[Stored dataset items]
------------------------------

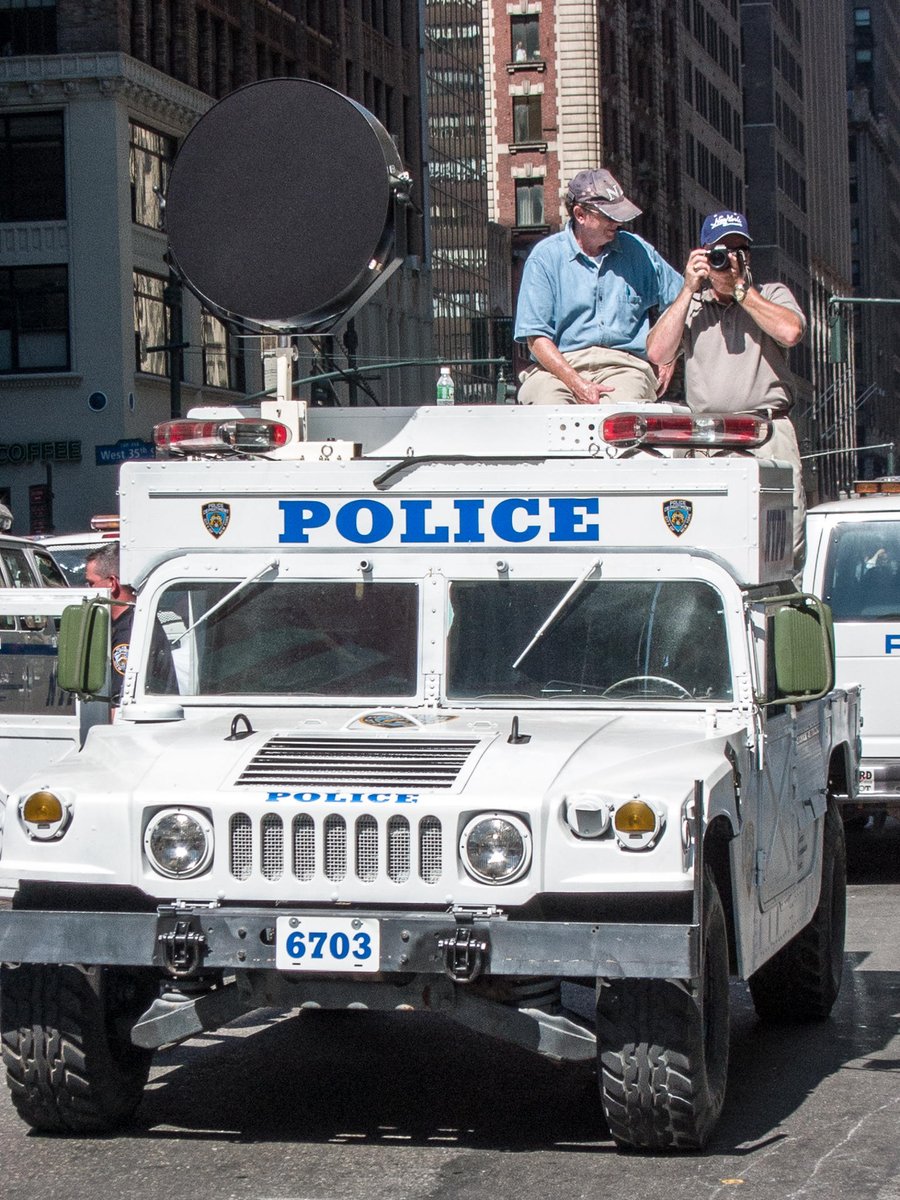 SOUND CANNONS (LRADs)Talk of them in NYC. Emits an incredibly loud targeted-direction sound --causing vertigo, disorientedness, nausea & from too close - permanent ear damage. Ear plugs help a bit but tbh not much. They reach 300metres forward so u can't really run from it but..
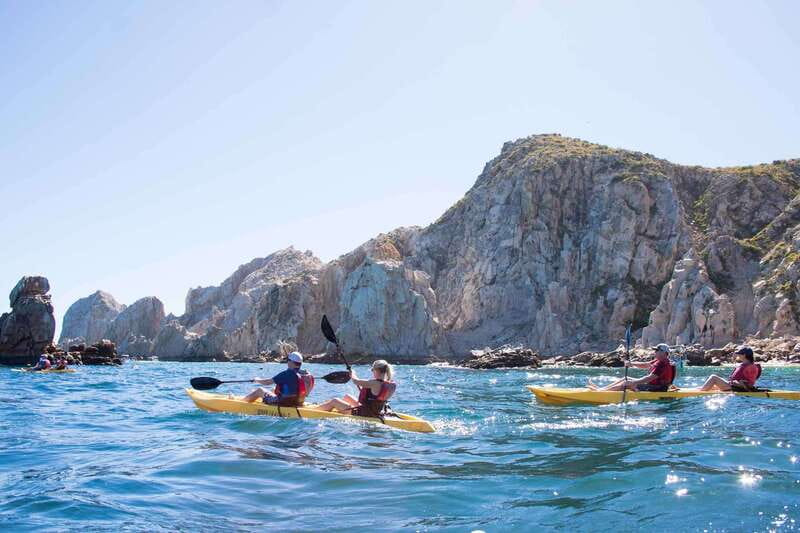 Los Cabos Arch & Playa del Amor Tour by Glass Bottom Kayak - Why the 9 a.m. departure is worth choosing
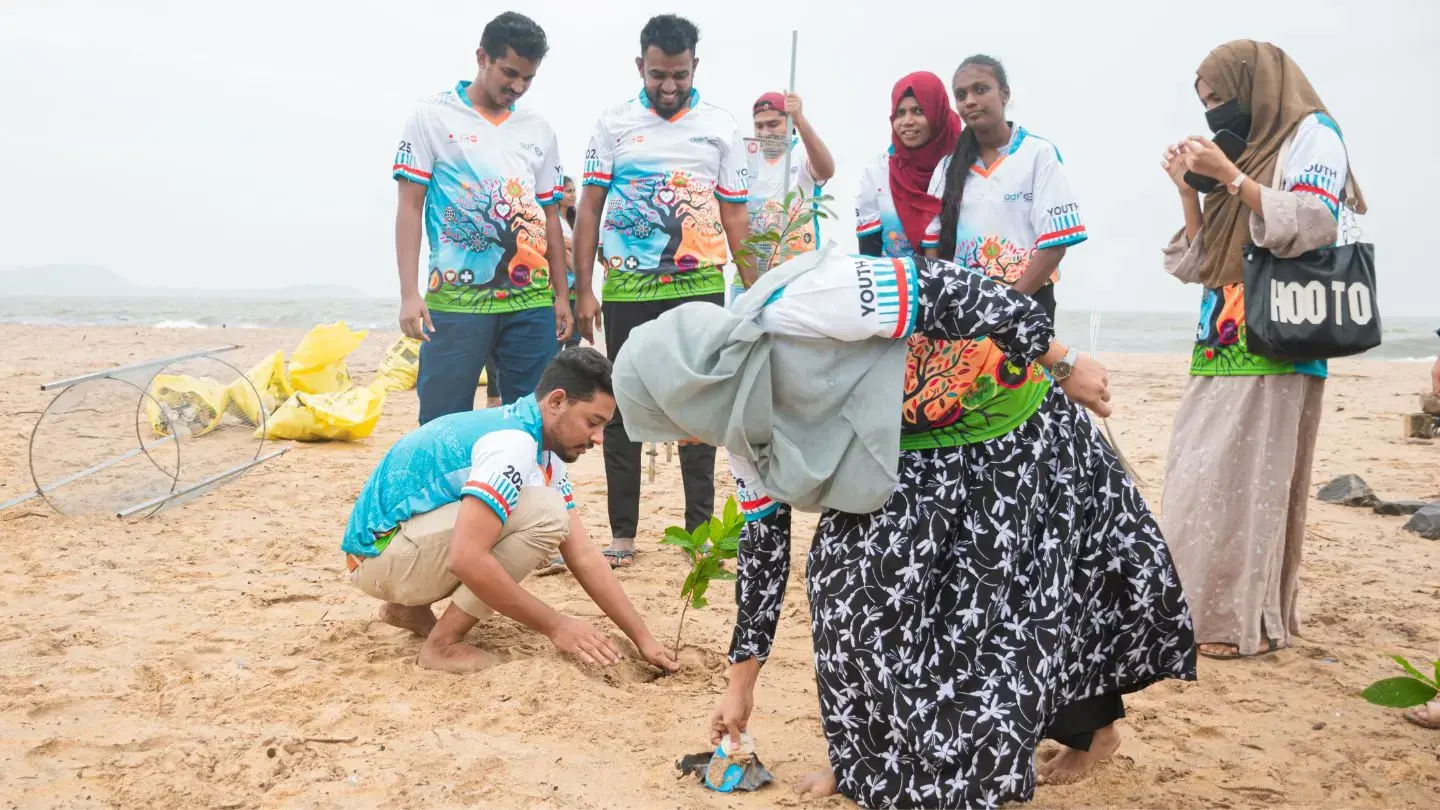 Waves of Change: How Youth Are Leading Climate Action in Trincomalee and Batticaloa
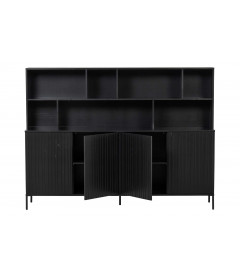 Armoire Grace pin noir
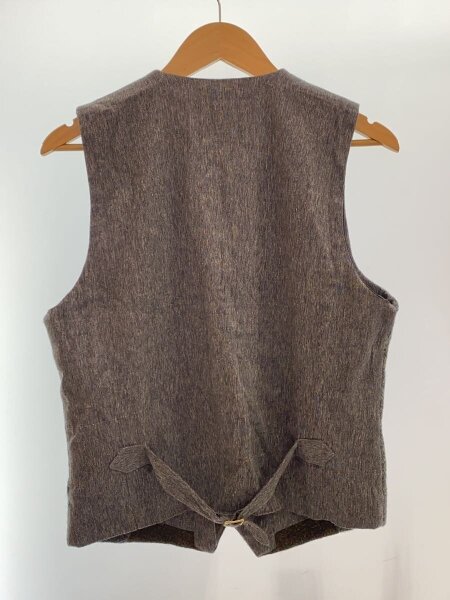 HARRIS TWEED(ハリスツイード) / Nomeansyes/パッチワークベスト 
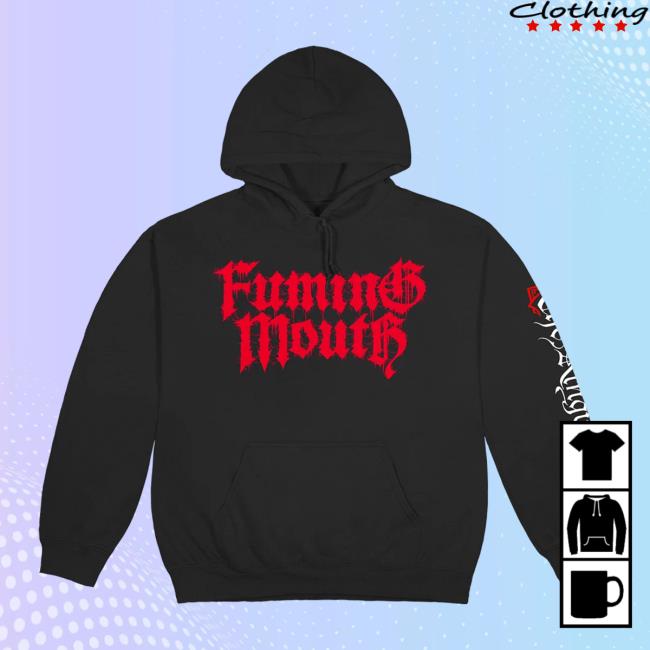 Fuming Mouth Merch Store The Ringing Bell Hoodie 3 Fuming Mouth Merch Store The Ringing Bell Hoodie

------------------------------

● Exercise requirements:
Could you write out exactly the lines running from the one with "Armoire Grace pin noir" through the last line of the data above, both ends kept, and omit any picture?

● The completed task:
 Armoire Grace pin noir
 HARRIS TWEED(ハリスツイード) / Nomeansyes/パッチワークベスト 
 Fuming Mouth Merch Store The Ringing Bell Hoodie 3 Fuming Mouth Merch Store The Ringing Bell Hoodie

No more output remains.